**DATA IN THIS EXERCISE**
* * *

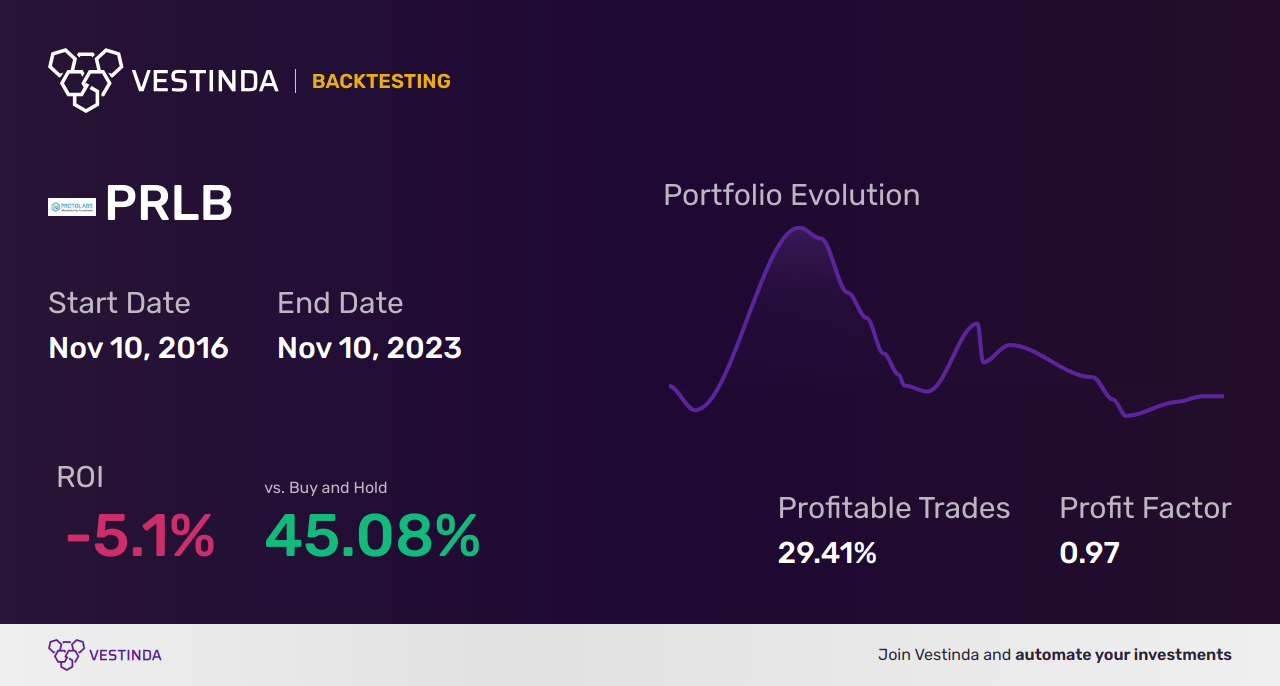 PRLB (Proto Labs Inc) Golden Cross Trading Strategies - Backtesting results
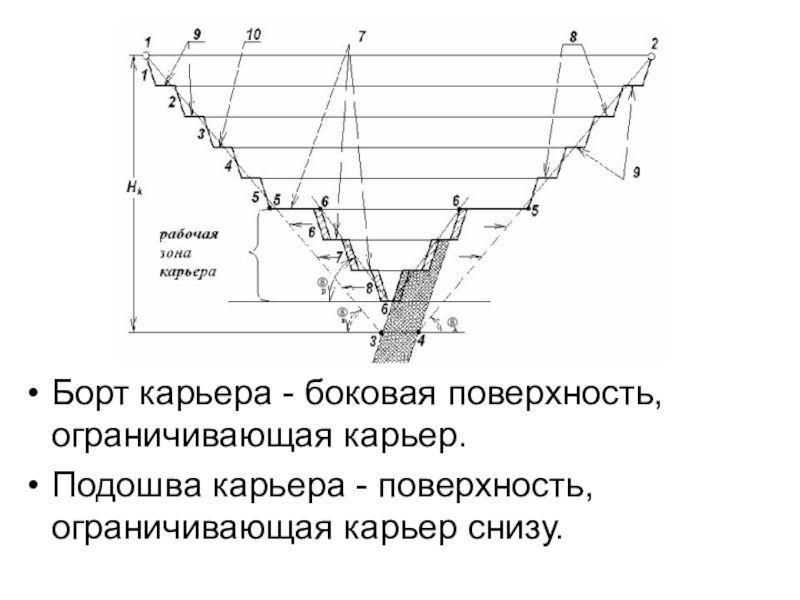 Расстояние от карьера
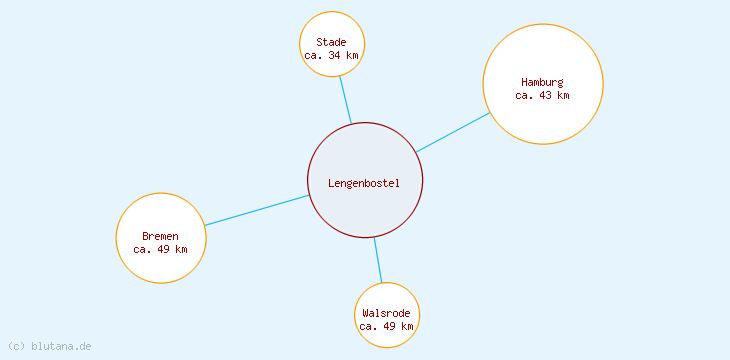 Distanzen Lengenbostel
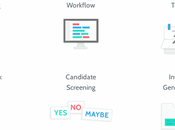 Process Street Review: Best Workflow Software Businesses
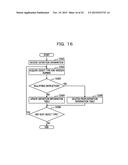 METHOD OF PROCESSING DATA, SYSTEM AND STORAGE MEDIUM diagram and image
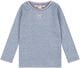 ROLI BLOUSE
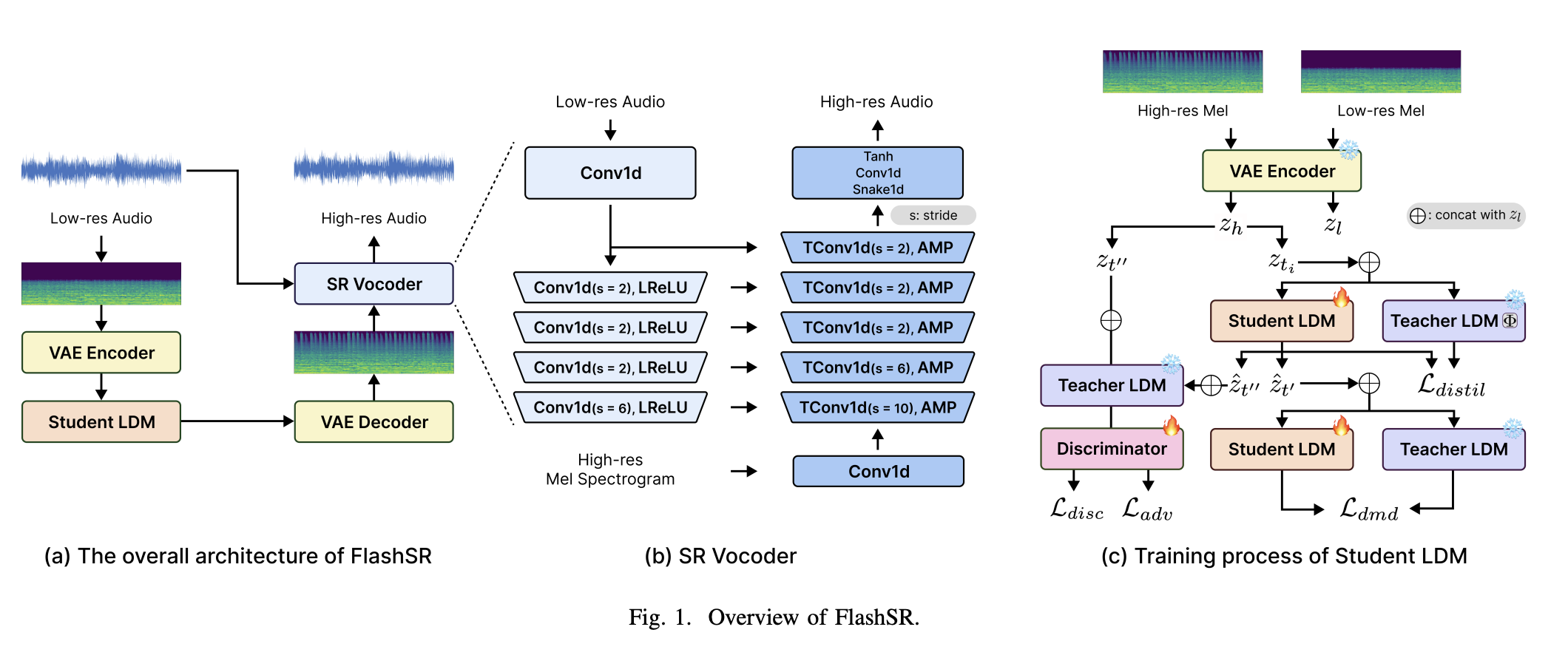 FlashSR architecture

* * *

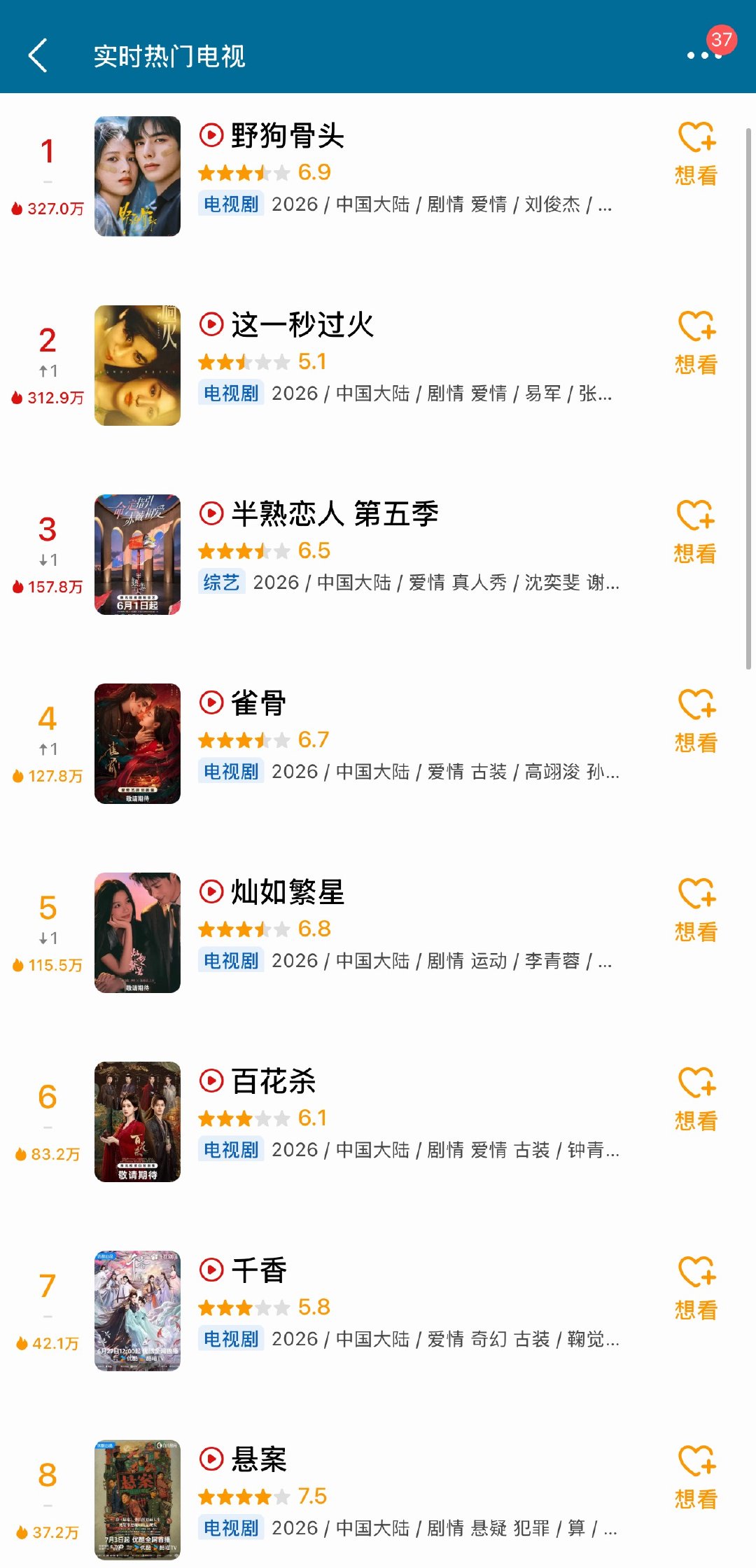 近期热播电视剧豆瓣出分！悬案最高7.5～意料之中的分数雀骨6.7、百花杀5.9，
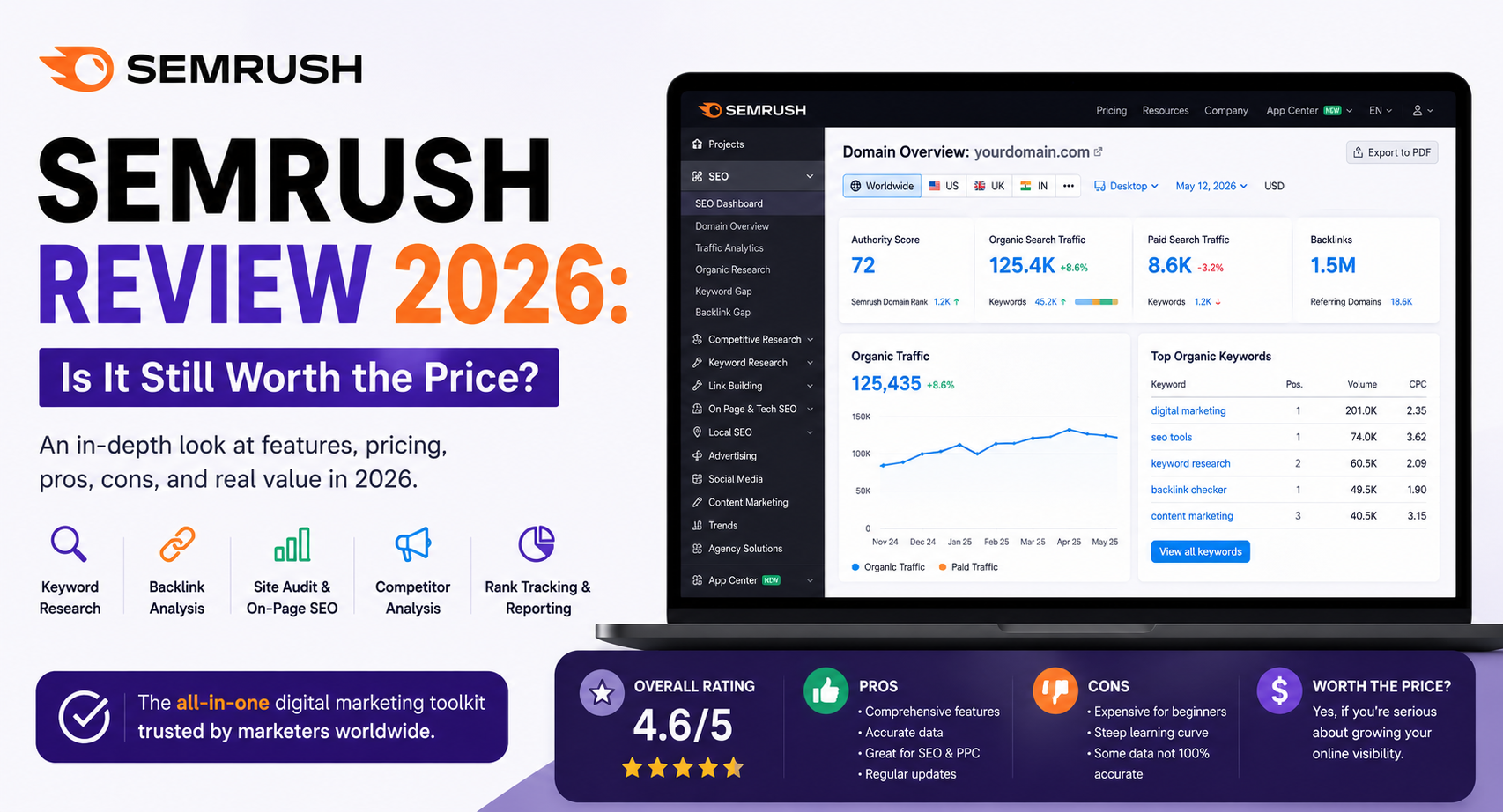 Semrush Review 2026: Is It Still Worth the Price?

* * *

**TASK ITEM**
Here the job is to copy the stretch of records from the line containing "Process Street Review: Best" through the line containing "FlashSR architecture", word for word. Leave every picture out.

**EXERCISE OUTPUT**
 Process Street Review: Best Workflow Software Businesses
 METHOD OF PROCESSING DATA, SYSTEM AND STORAGE MEDIUM diagram and image
 ROLI BLOUSE
 FlashSR architecture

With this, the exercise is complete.